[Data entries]
____________

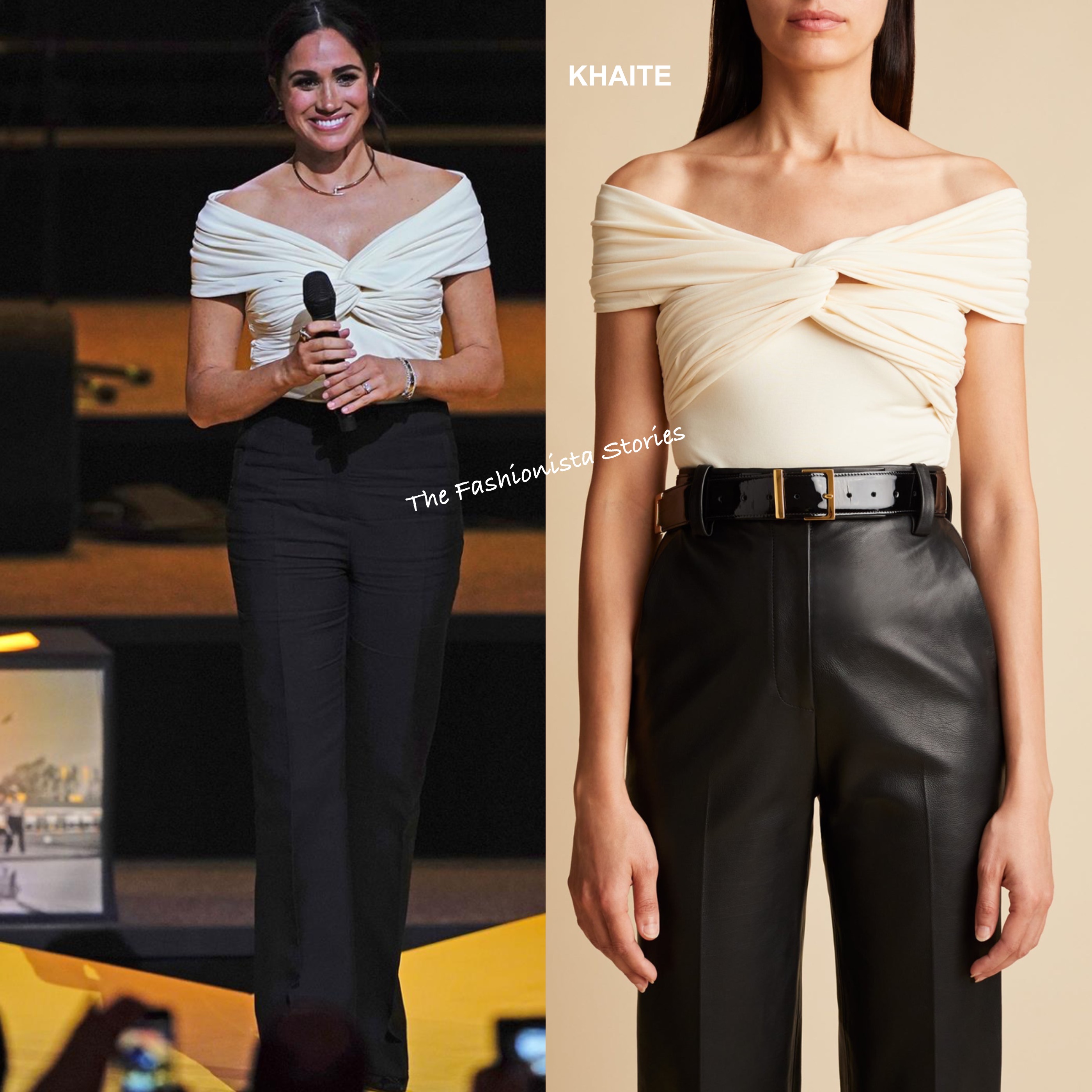 Meghan Markle in Valentino, Celine, Khaite & Brandon Maxwell at the 2022  Invictus Games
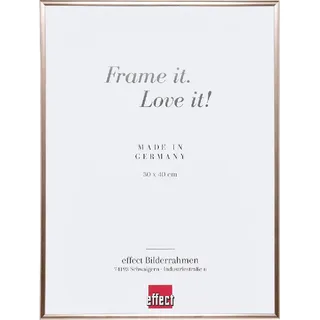 Effect Puzzle Frame 60x80 cm rosa mit dekorativem Glas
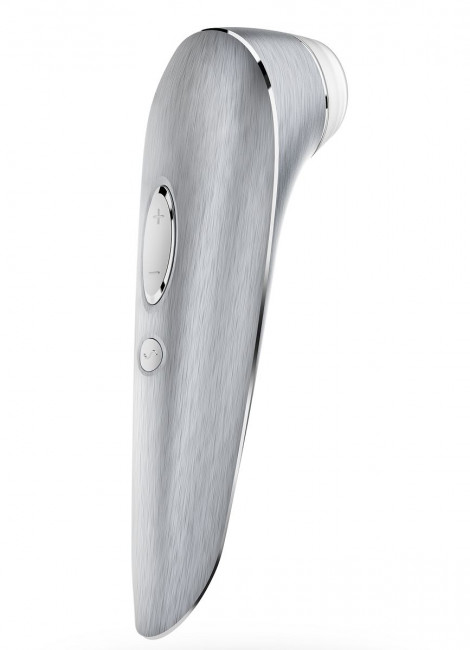 Алюминиевый клиторальный стимулятор Satisfyer Luxury High Fashion, Satisfyer
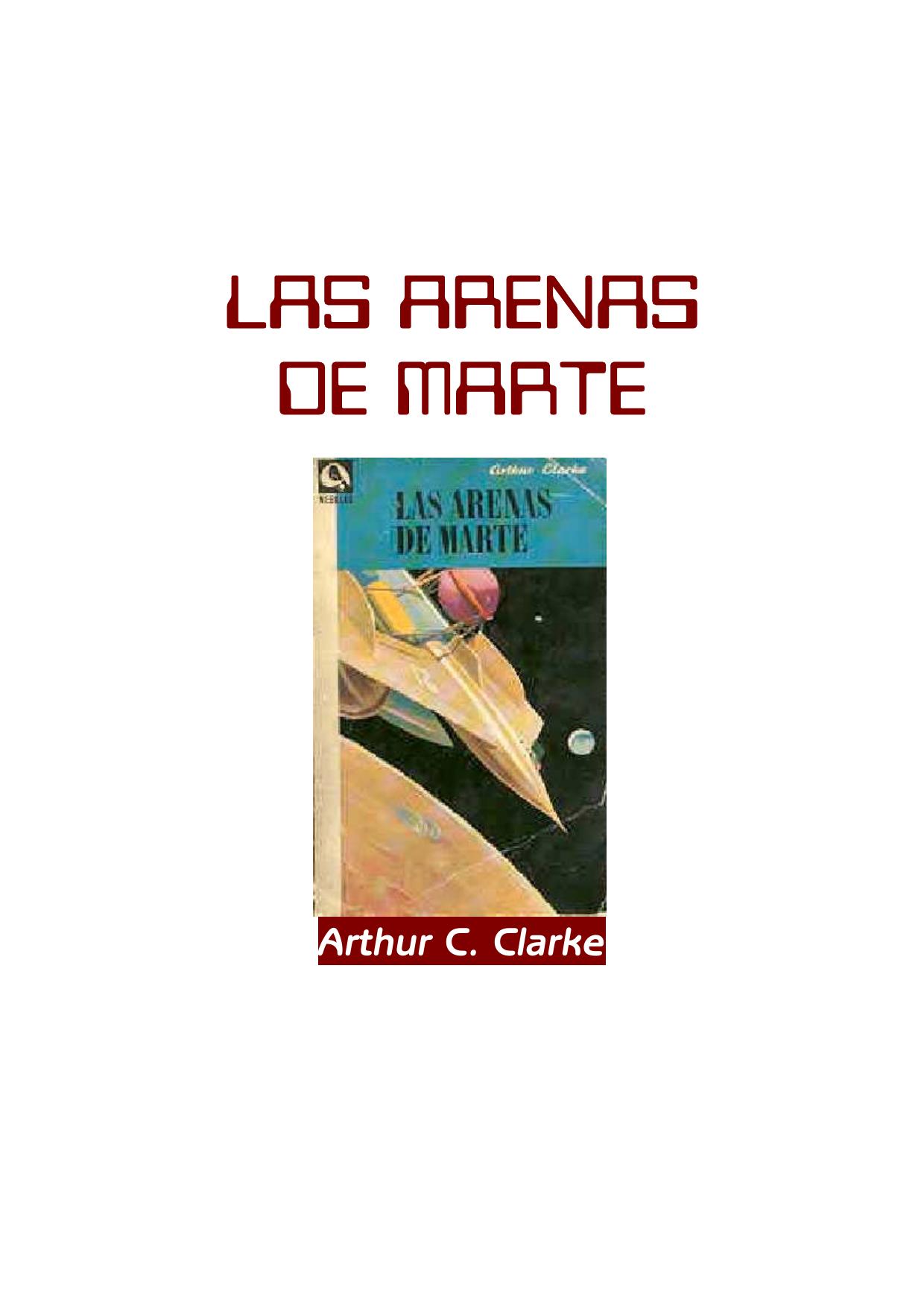 Microsoft Word - Las arenas de Marte.doc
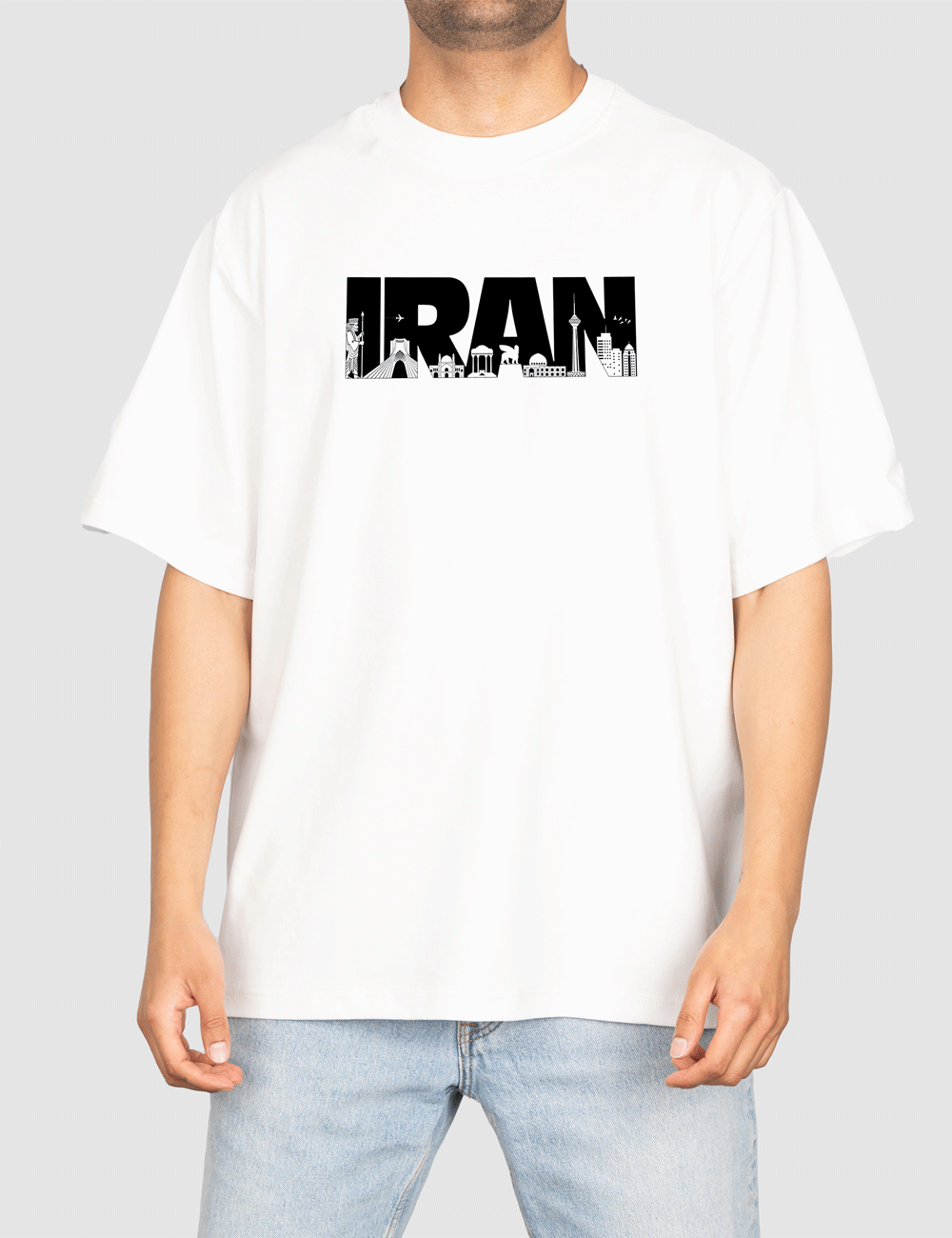 بلوز-دورس-چاپی-ایران تیشرت چاپی ایران - تصویر 1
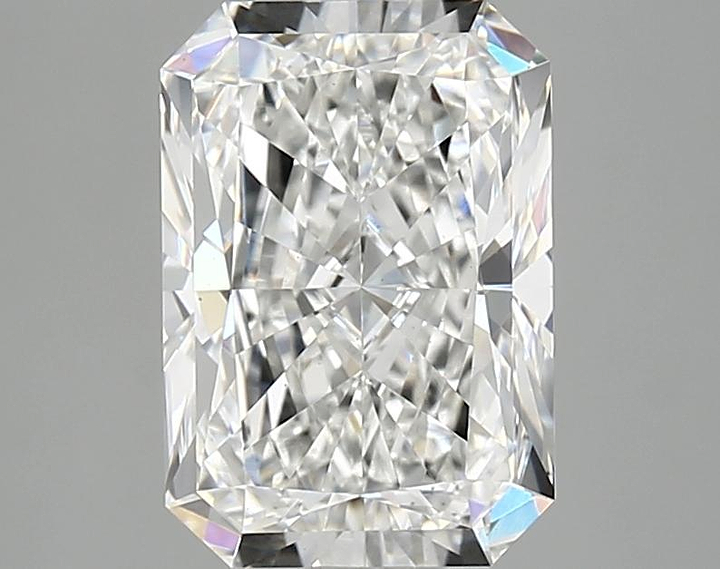 3.03 Carat Radiant Shaped Ideal Cut VS1 IGI Certified Lab Grown Diamond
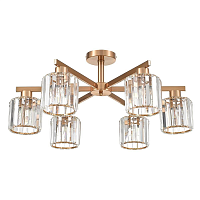 Купить Потолочная люстра Escada Adorn 692/6P Сopper в Туле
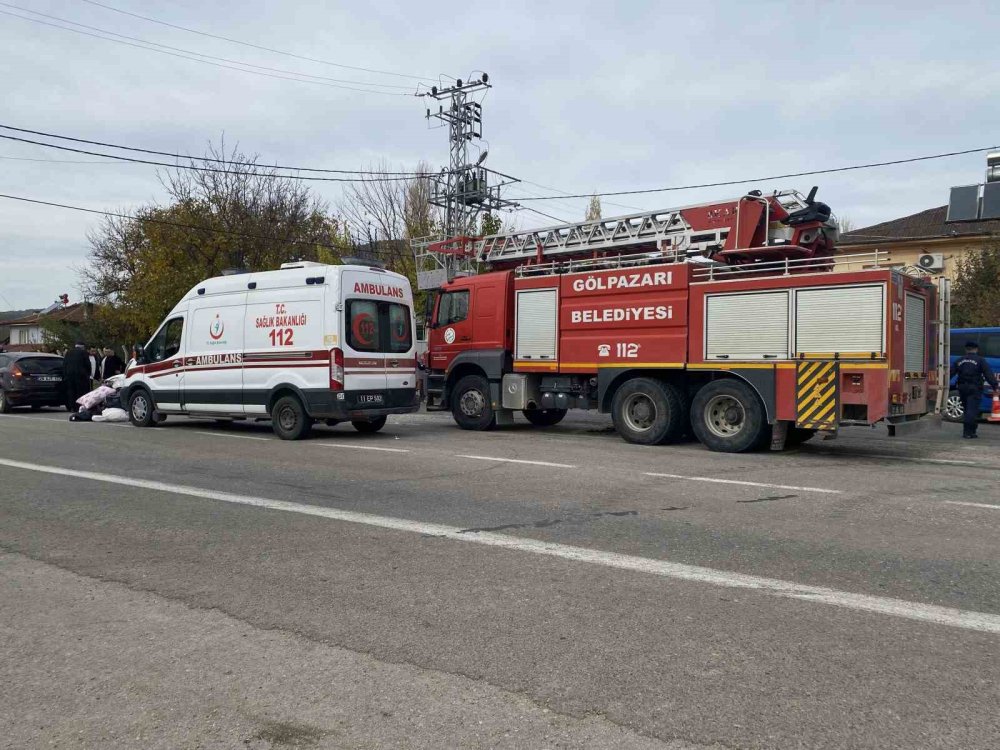 Bilecik’te Trafik Kazası: 5 Yaralı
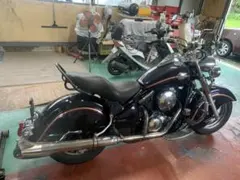 Kawasaki Vulcan400ドリフターバイク車体のサムネイル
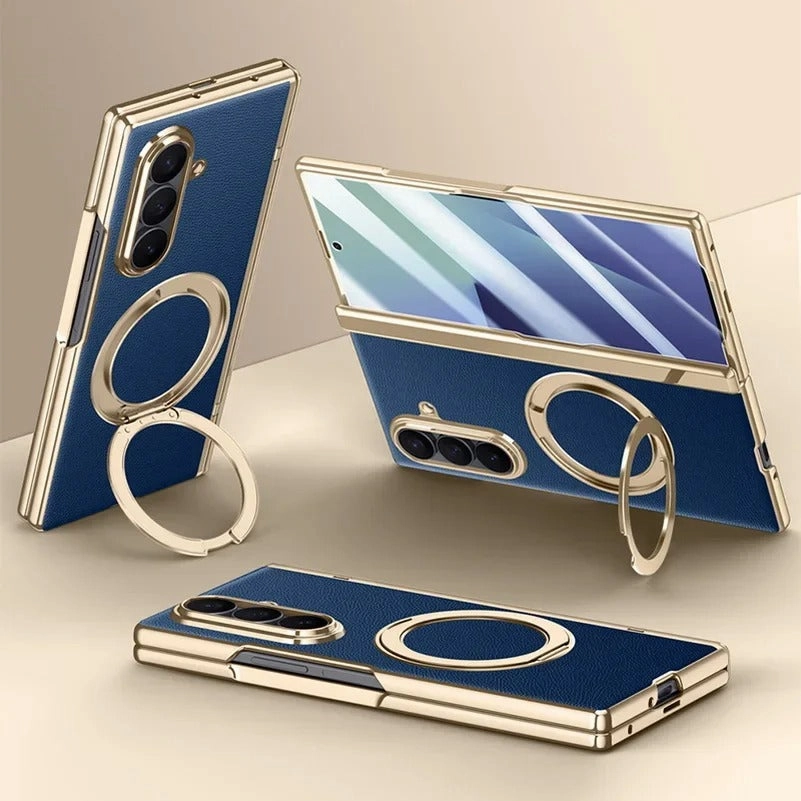 Protective Edge Layer Nightshade Gold Shield Case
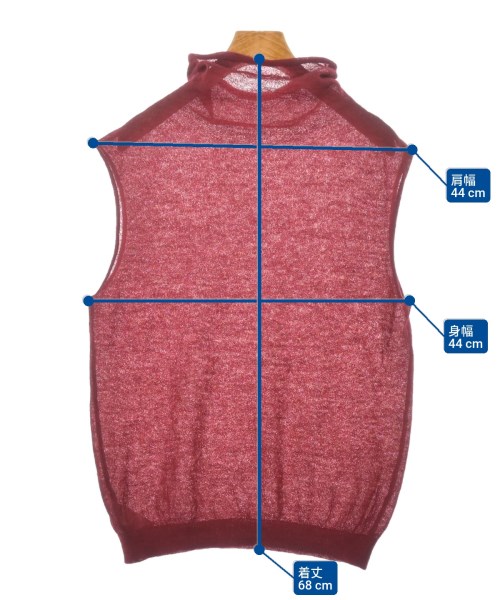 IENA（イエナ）ニット・セーター 赤 サイズ:-(L位) レディース/2200618200023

____________

*Assignment*
Where the line containing "Bilecik’te Trafik Kazası: 5 Yaralı" appears in the entries above, start there and set down every line exactly through the last one, inclusive; omit pictures.

*Solution to this exercise*
 Bilecik’te Trafik Kazası: 5 Yaralı
 Kawasaki Vulcan400ドリフターバイク車体のサムネイル
 Protective Edge Layer Nightshade Gold Shield Case
 IENA（イエナ）ニット・セーター 赤 サイズ:-(L位) レディース/2200618200023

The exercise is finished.